Getting "numeric argument required" when running a script with arithmetic operations

Question

I'm trying to write a function that is supposed to convert a time stamp of the form hr:min:sec,ms (i.e 15:41:47,757) to milliseconds. The function is the following:

#!/bin/sh
mili () {

    hr=$(echo "$1" | cut -c1-2)
    echo "hr is: " $hr
    min=$(echo "$1" | cut -c4-5)
    echo "min is: " $min
    sec=$(echo "$1" | cut -c7-8)
    echo "sec is: " $sec
    ms=$(echo "$1" | cut -c10-12)
    echo "ms is: " $ms
    total=$(($hr \* 3600 + $min \* 60 + $sec) \* 1000 + $ms)

    return "$total"
    #echo "Result is: "$total" "
}

mili $1

However, when I run it:

./mili.sh "15:41:47,757"

I get the following output message:

./mili.sh: command substitution: line 15: syntax error near unexpected token 
`\*'
./mili.sh: command substitution: line 15: `($hr \* 3600 + $min \* 60 + $sec) 
\* 1000 + $ms'
./mili.sh: line 17: return: : numeric argument required

I've tried variations of expr with and without single quotes, double quotes, and backticks but can never seem to get it to compute the arithmetic. I can confirm a simple command like this works: expr 2 * 3 but when I try to use something similar in my script it fails.

How can I get it to simply compute my expression?

Answer 1

Another couple of points:

1. don't return "$total": a return value is an int between 0 and 255. You need to echo "$total"

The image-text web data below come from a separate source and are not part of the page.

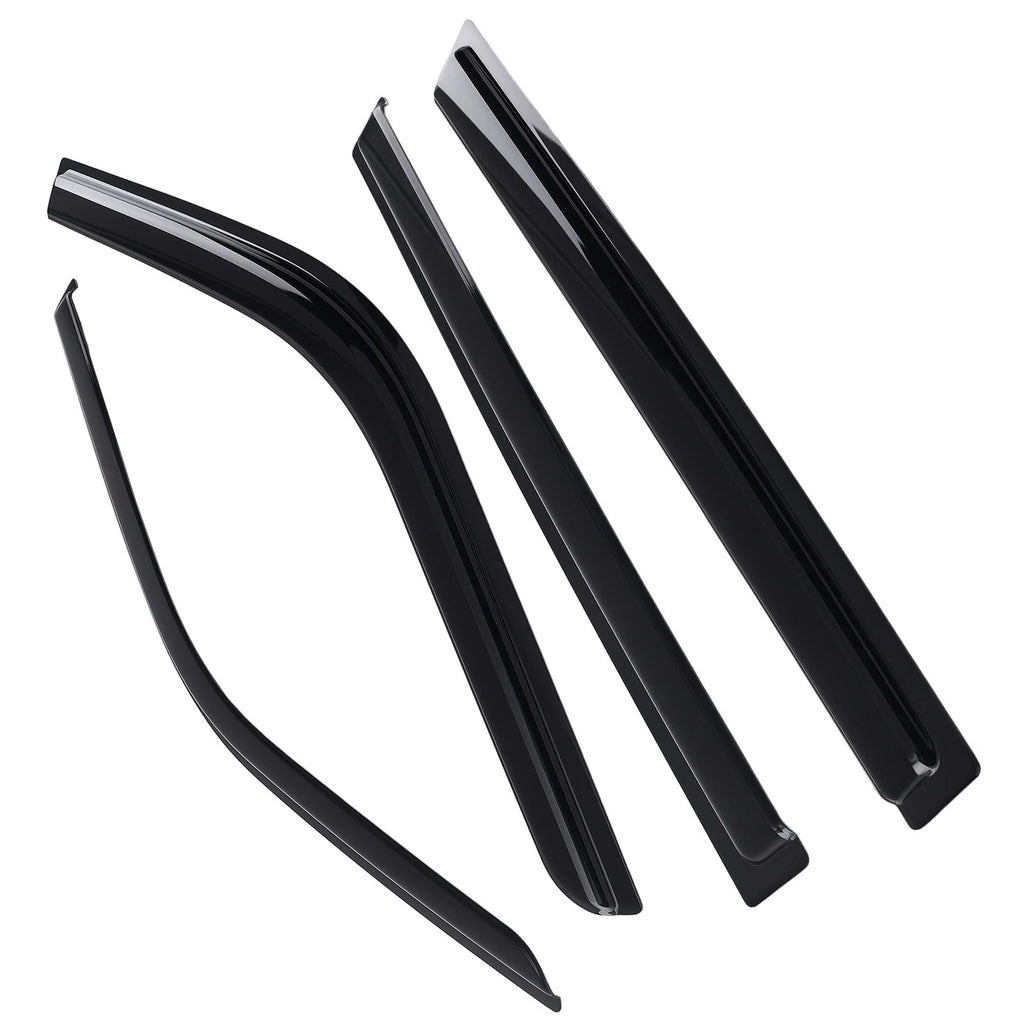 Black Window Rain Deflector for Ford F250 F350 F450 Super Duty (1999–2016)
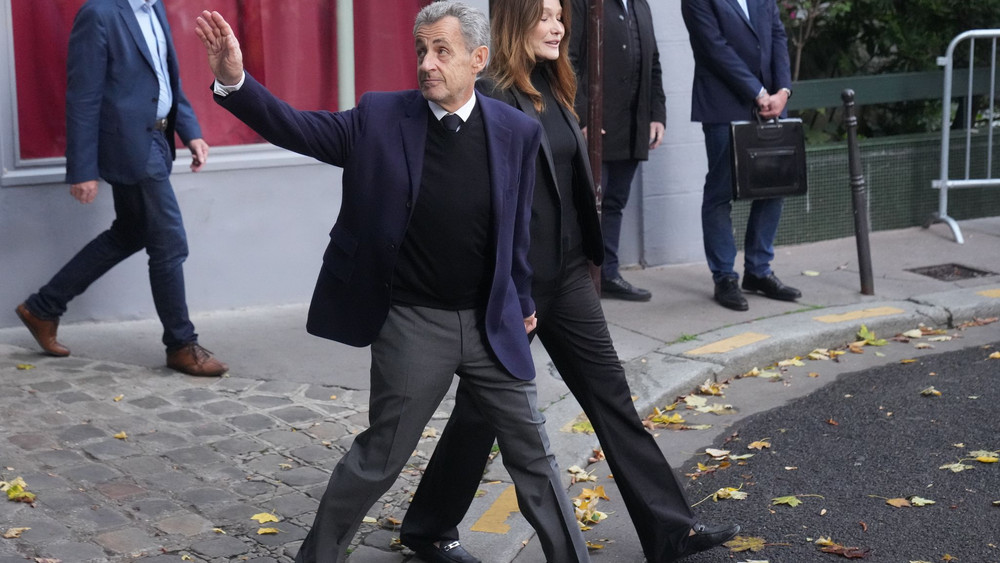 Haftantritt von Frankreichs Ex-Präsident Sarkozy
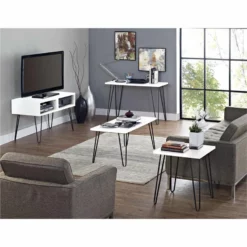 Altra Furniture Owen Retro Desk In Espresso With Teal Metal Legs -CYMAX Sales 2175918 8 L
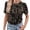 e-519GD12434, variant on Women Shirts Casual Short Sleeve Blouse With Sparkling Sequins For Work Commute Comfortable Loose Fit Round Neck Tops Birthday Female Solid Color Dailywear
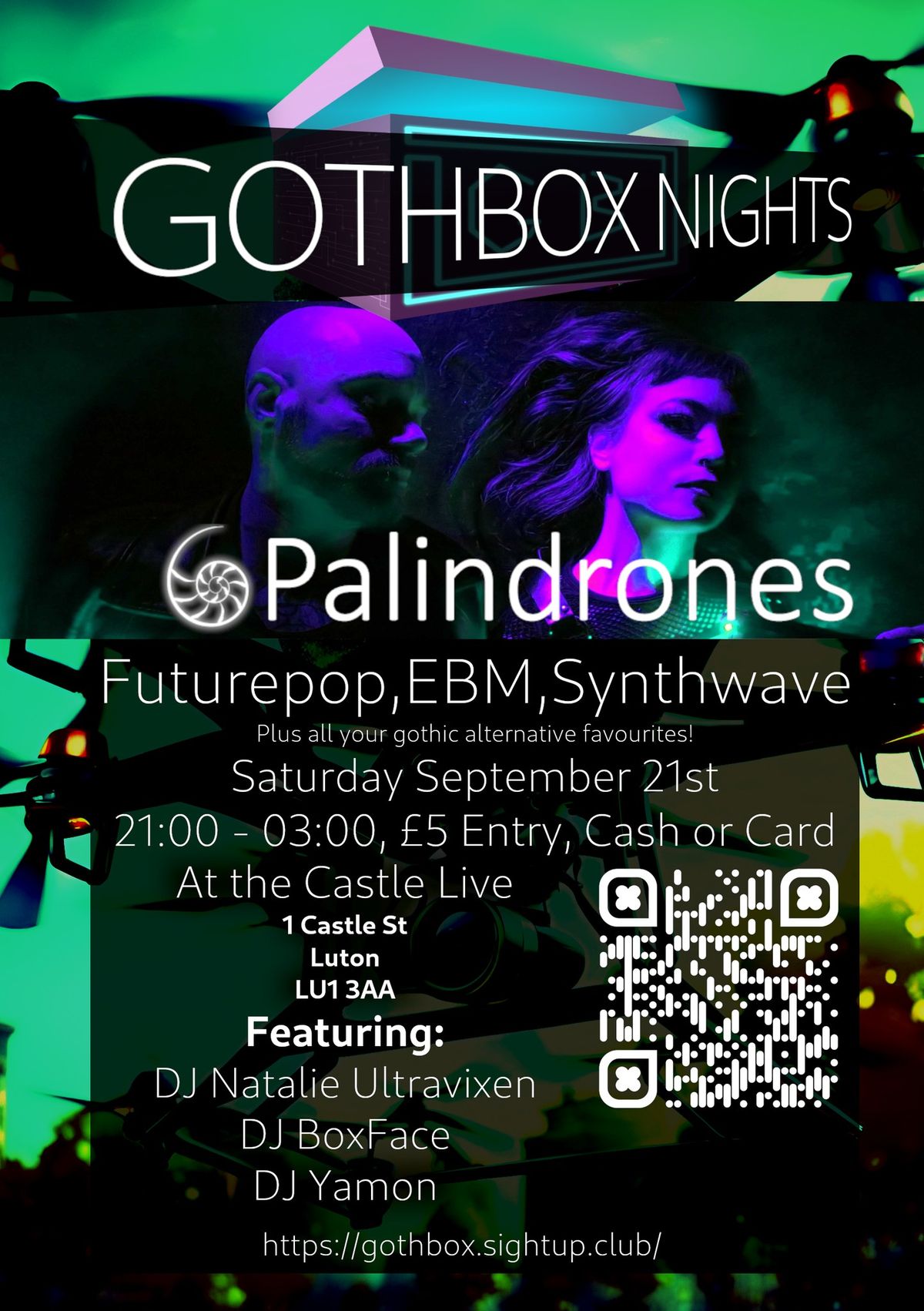 GothBox Cyber Goth Night with Palindrones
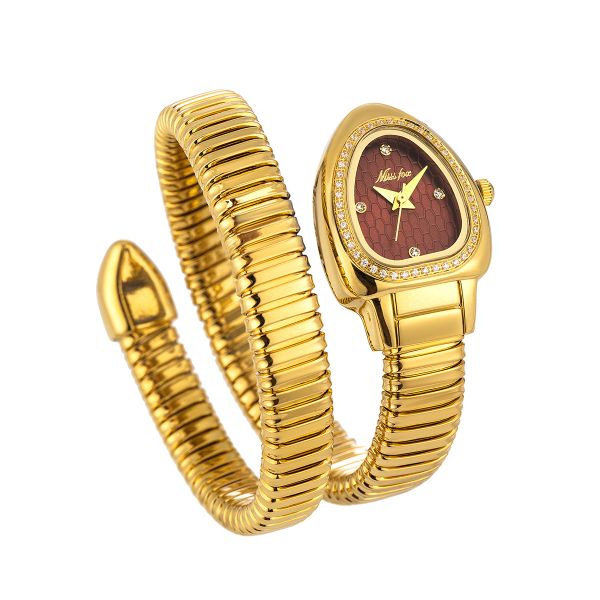 ZELTRYN Snake shaped winding women's watch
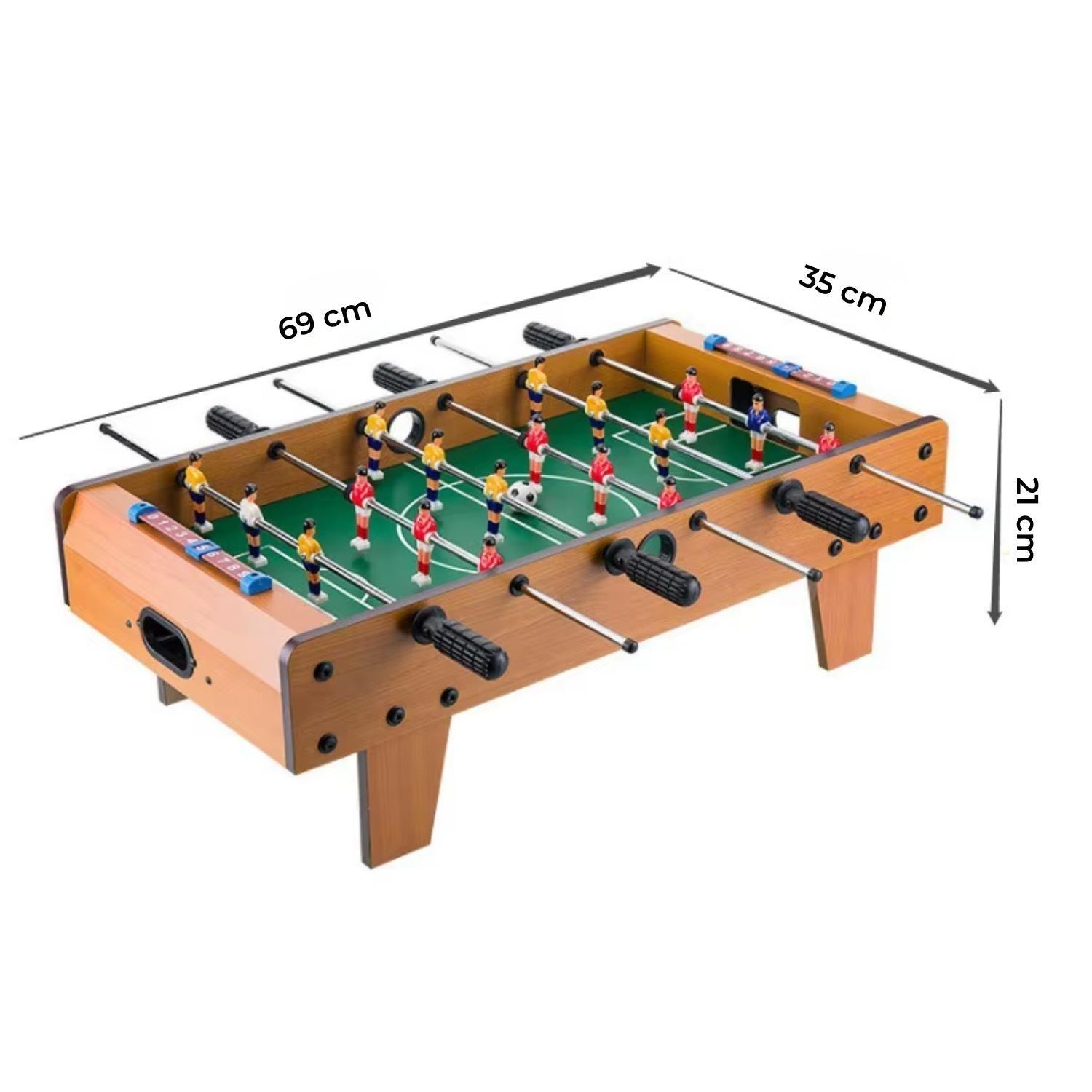 Taca Taca Madera Niños. Mini Mesa De Futbol. 49X21X15 Cm.-9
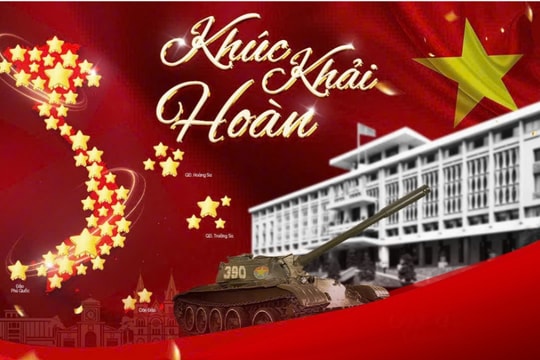 Hơn 50 nghệ sĩ hòa giọng trong MV "Khúc khải hoàn - Bản hùng ca tháng 4"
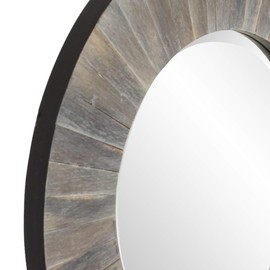Howard Elliott Henley Mirror, Dark Rustic Wood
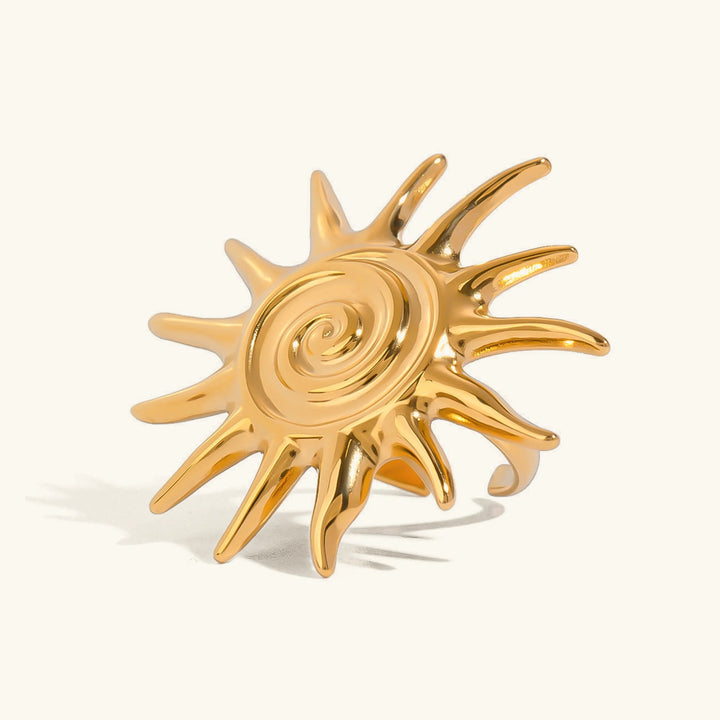 Goldener Sonnenring der Sonnenwende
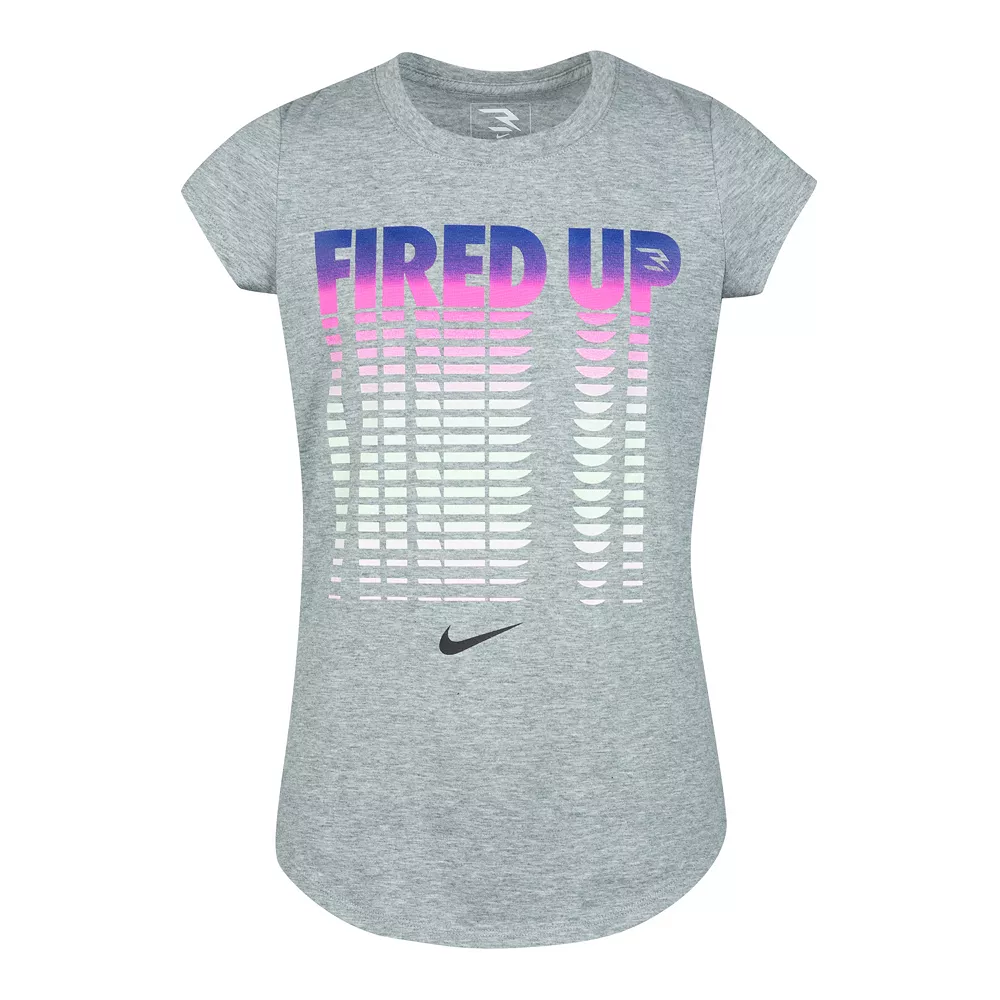 Girls 7-16 Nike 3BRAND "Fired Up" Faded Tee by Russell Wilson 3 Girls 7-16 Nike 3BRAND "Fired Up" Faded Tee by Russell Wilson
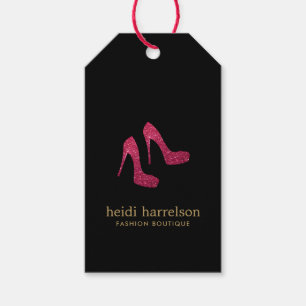 Etiquetas Para Regalos Red Purpurina Heels Boutique Fashion Black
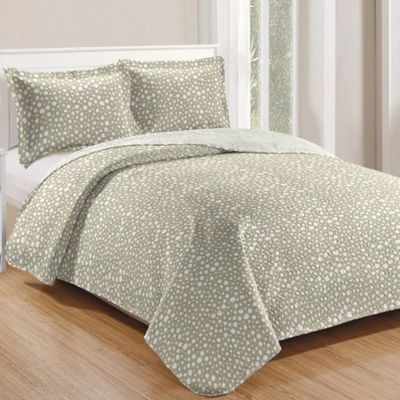 Kit Cobre Leito Colcha Daily King 3 Peças Dupla Face Estampado - Estampa 43 - 100% Poliéster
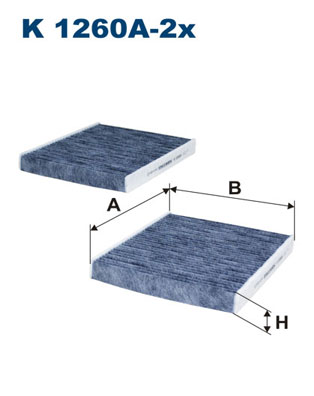 FILTRON K 1260A-2x Filtro, Aria abitacolo-Filtro, Aria abitacolo-Ricambi Euro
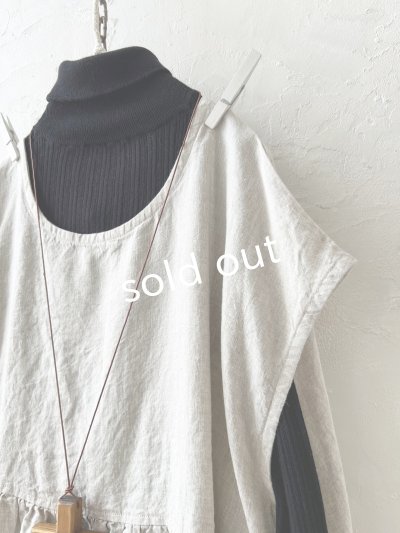 画像3: 08mab/ノースリーブワンピース・生成り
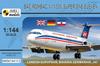 Mark I Scale British London European German Yugoslavia Airlines Plastic Model Kit MKM144113 1/144 BAC/ROMBAC 1-11-500 Airways/Bayern Air/JAT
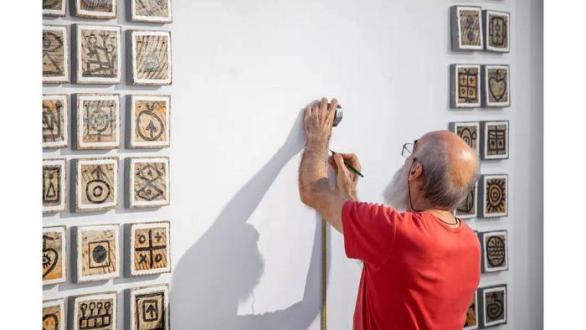 Montaje de la exposición/ Tomado de RRSS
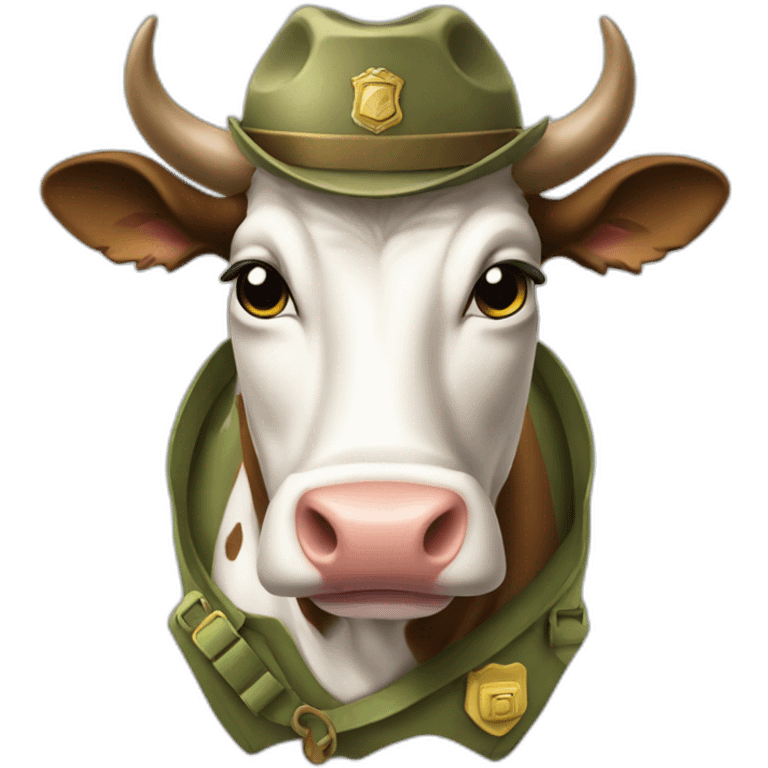 Corporal cow emoji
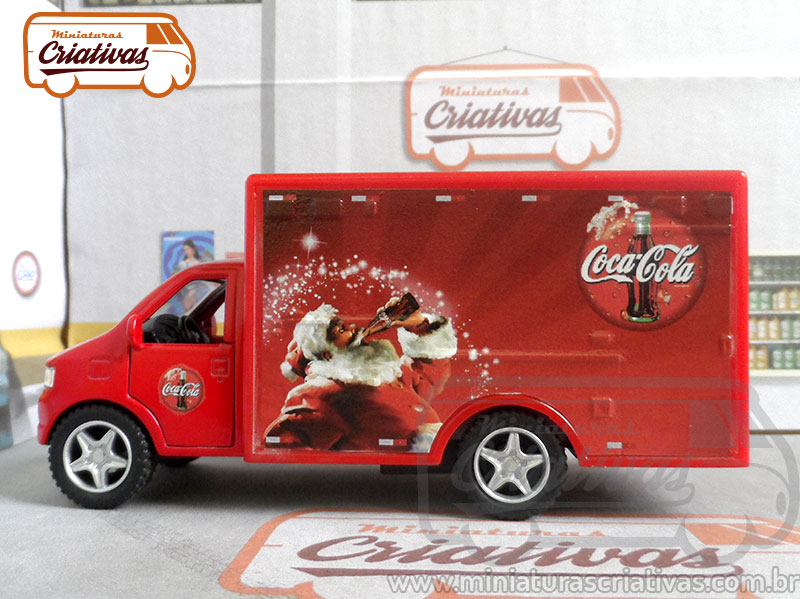 Miniatura Caminhao Caravana De Natal Coca-cola Holiday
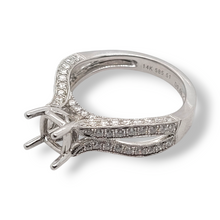 Load image into Gallery viewer, 14k White Gold Pave Mounting - 0.75 TCW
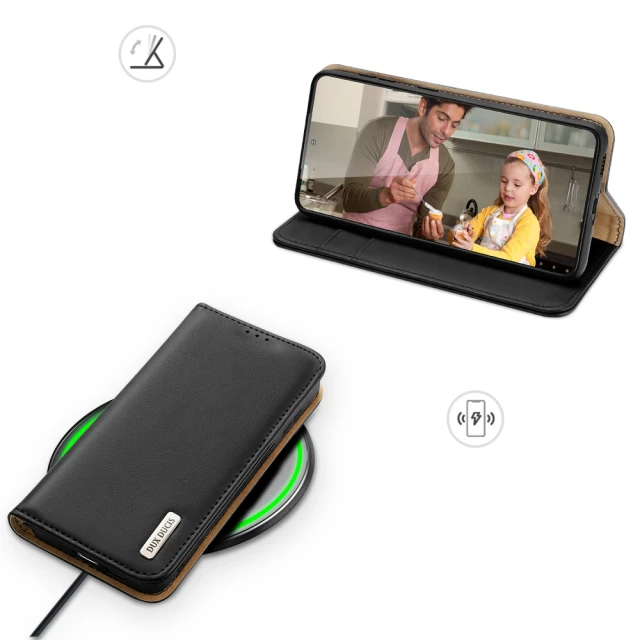 Чохол Dux Ducis Hivo Leather Flip Wallet для Samsung Galaxy S22 Plus Black (6934913043639)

2. you're going to have errors when the hour/minute/second is 08 or 09 -- bash treats numbers with leading zero as octal, and 8 and 9 are invalid octal digits.

   $ mili 11:22:09,456
   hr is:  11
   min is:  22
   sec is:  09
   ms is:  456
   bash: (11 * 3600 + 22 * 60 + 09: value too great for base (error token is "09")
   

I'd write:

mili () {     
    IFS=":,." read -r hr min sec ms <<<"$1"
    echo "hr is:   $hr" >&2
    echo "min is:  $min" >&2
    echo "sec is:  $sec" >&2
    echo "ms is:  $ms" >&2
    echo "$(( ((10#$hr * 60 + 10#$min) * 60 + 10#$sec) * 1000 + 10#$ms ))"
}

where the 10# forces base-10 numbers

then

$ ms=$(mili 11:22:09.456)
hr is:   11
min is:  22
sec is:  09
ms is:  456

$ echo $ms
40929456

Answer 2

Inside arithmetic, * does not need to be escaped. Also, some parentheses were missing. Thus, replace:

total=$(($hr \* 3600 + $min \* 60 + $sec) \* 1000 + $ms)

With:

total=$((($hr * 3600 + $min * 60 + $sec) * 1000 + $ms))

Alternative

The code can be simplified avoiding the need for multiple calls to cut:

mili() {
    IFS=':,' read hr min sec ms <<<"$1"
    echo "hr is: " $hr
    echo "min is: " $min
    echo "sec is: " $sec
    echo "ms is: " $ms
    total=$((($hr * 3600 + $min * 60 + $sec) * 1000 + $ms))
    echo "Total=$total"
    return "$total"
}

Aside: Bash arithmetic and dollar signs

In a Bash arithmetic context, the dollar sign before a variable is optional. For example:

$ a=1; echo "$((1 + a)) and $((1+ $a))"
2 and 2

While some style guides recommend omitting $ in an arithmetic context, there is a key difference. As Chepner points out in the comments, the treatment of undefined variables is very different:

$ unset a
$ echo $((1 + $a))
bash: 1 + : syntax error: operand expected (error token is "+ ")
$ echo $((1 + a))
1

In summary:

1. If you want an undefined variable to default to zero, then omit the $.

2. If you want an undefined variable to be replace with nothing, possibly causing an invalid expression, then include the $.

In the shell function mili, an undefined variable hr, min, etc., would indicate a code error and we might want an error message to warn us about it and we would want to include the $. In other circumstances where a default value of zero is reasonable, we would not and omitting the $ would be correct.

Answer 3

Here's a crazy alternative:

$ mili () {
    IFS=., read -r time ms <<<"$1"
    ms3=$(cut -c 1-3 <<<"${ms}000")
    echo "$(date -u -d "1970-01-01 $time" +%s)$ms3"
}

$ mili 15:41:47,757
56507757

$ mili 15:41:47,75
56507750

$ mili 15:41:47
56507000